Em «A Era do Vazio», de 1983, Gilles Lipovetsky abordou a vaga de individualismo que então tomava conta da Europa e das Américas. Mostrou ali de que modo, numa época caracterizada pelo excesso de informação e o culto da exuberância – e ainda por um acentuado recuo das narrativas da modernidade que tinham atribuído um sentido ao percurso da história – a substância das ideias e dos projetos tinha cedido o lugar a um triste vazio, concebido como um território organizado de forma desconexa e desprovida de metas mobilizadoras. Alguns intérpretes da pós-modernidade, como Bell ou Fukuyama, chegaram a sugerir que esse estado de coisas corresponderia ao «fim das ideologias», que por sua vez determinaria um «fim da história». O progresso dissipar-se-ia e a gestão do presente seria a única experiência possível.
Esta leitura teve curta duração. Com a deriva neoliberal aberta na década seguinte, em boa medida na origem da crise financeira de 2008, e com o rápido colapso do mundo unipolar que sucedeu à Guerra Fria, a contestação global das desigualdades do capitalismo voltou a ganhar forma, reabrindo a dinâmica dos movimentos sociais e o debate sobre a construção de alternativas. Desta vez, já não no sentido de produzir uma sociedade ideal – ou distópica, consoante a perspetiva –, orientada por um partido de vanguarda, mas desenvolvendo formas de organização política nascidas dos processos de luta e emancipação levados a cabo por esses movimentos. Sob estas condições, a morte das velhas ideologias e das antigas certezas afigurava-se agora, escreveu John Holloway, como uma libertação.
Ao mesmo tempo, este movimento enfrentava o ressurgir dos programas da direita mais extrema, apoiados em formas de nacionalismo, de populismo, de racismo e xenofobia, ou de defesa do papel das elites financeiras, que, sob diferentes rostos e associadas a uma defesa despudorada do retrocesso do Estado social, buscavam aproveitar em seu proveito – com o apoio desse novo fator de persuasão e controlo que é a comunicação digital – as situações de descontentamento ou de frustração que o próprio sistema gerara. Instigando a criação de paisagens políticas autoritárias, apoiadas na ignorância e na desmemória, como as protagonizadas pelos governos de Trump, Bolsonaro ou Órban.
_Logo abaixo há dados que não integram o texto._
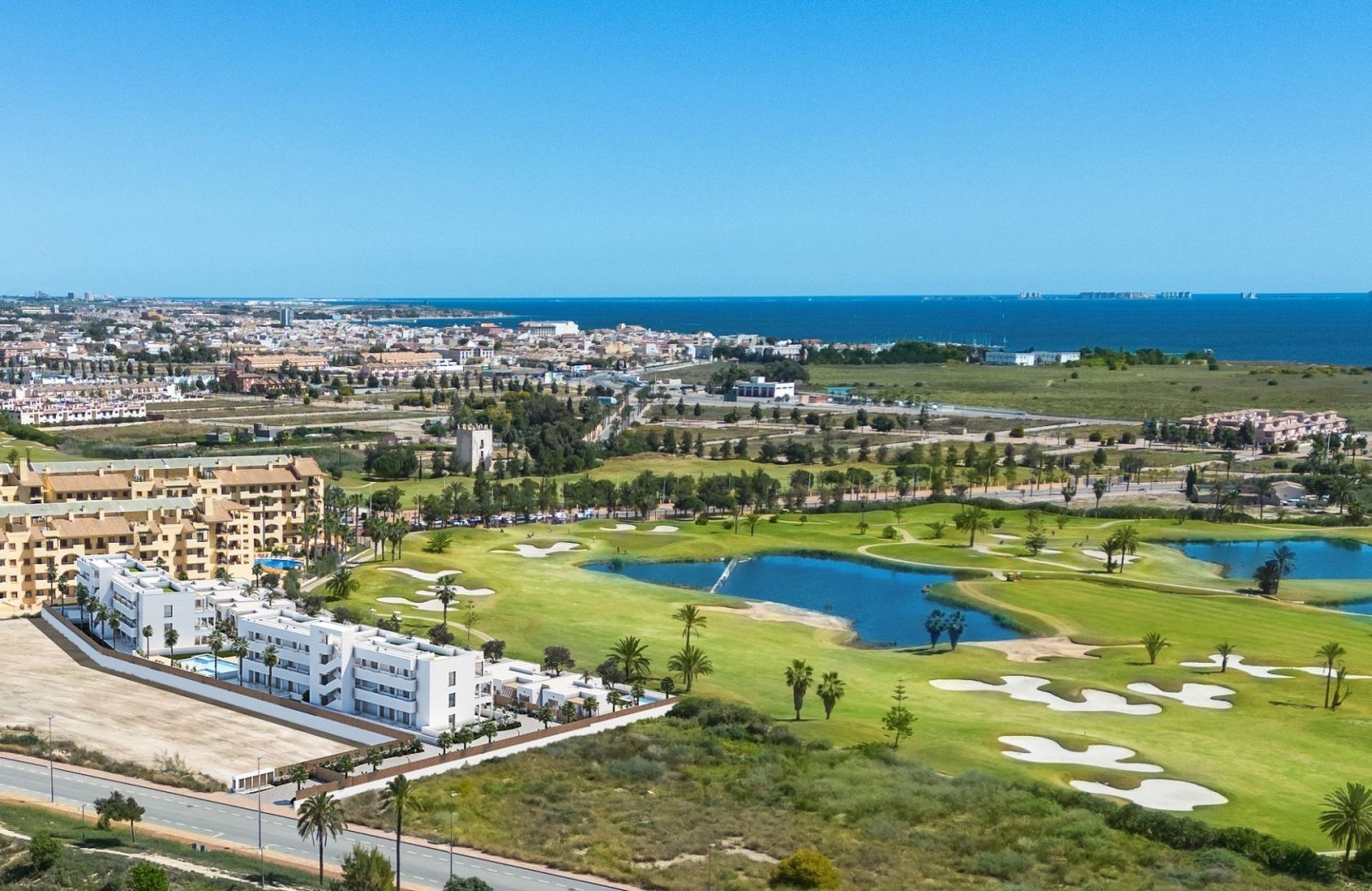 NEUBAU WOHNUNG IN „LA SERENA GOLFPLATZ“ LOS ALCAZARES - 
Die Neubausiedlung besteht aus 32 Wohnungen und Penthäusern mit 2 und 3 Schlafz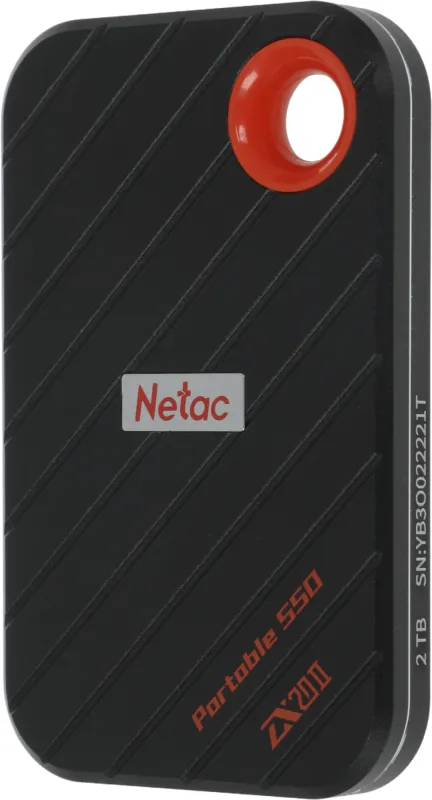 Netac ZX20 II 2TB USB 3.2 Gen 2 Type-C External Magnetic Portable SSD, R/W up to 2000MB/1800MB/s, with USB C to A cable and 20Gbps USB C to C cable 3Y wty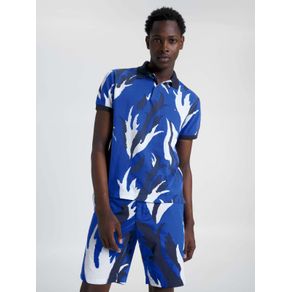 

Polo De Corte Regular Con Estampado De Flores De Hombre Talla: L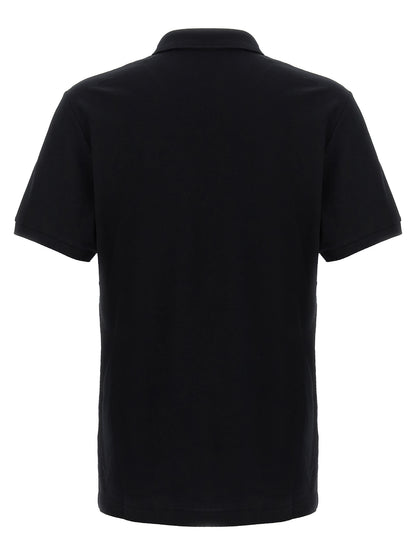 Polo Shirt by Moschino for men in cotton black presents a distinguished silhouette, showcasing a sophisticated and distinguished for a truly distinguished finish.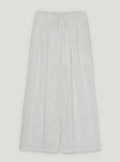 Ont linen pintuck banding long pants-5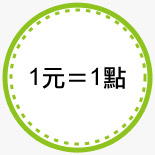 1點=1元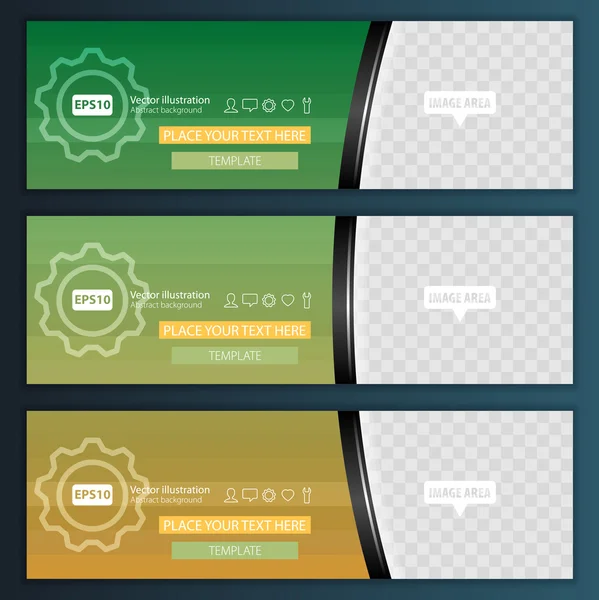 Abstracte banners set — Stockvector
O que aconteceu na convenção caseira da direita foi uma revisitação multifacetada daquela atração pelo vazio em voga nos anos oitenta do século passado. Mas também uma tentativa algo ficcional de aproximação a esses exemplos. Basta olhar os sinais do evento que chegaram através da imprensa e dos telejornais para darmos conta de uma mistura decrépita de nostalgia da ditadura salazarista com a ausência de uma visão de futuro e a falta de projetos credíveis de governo, a par da visível impotência perante as sondagens que apontam para uma confortável maioria de esquerda. Tudo embrulhado, sendo isto o que é verdadeiramente inquietante, com laivos de retórica decalcados dos grandes ilusionistas do populismo.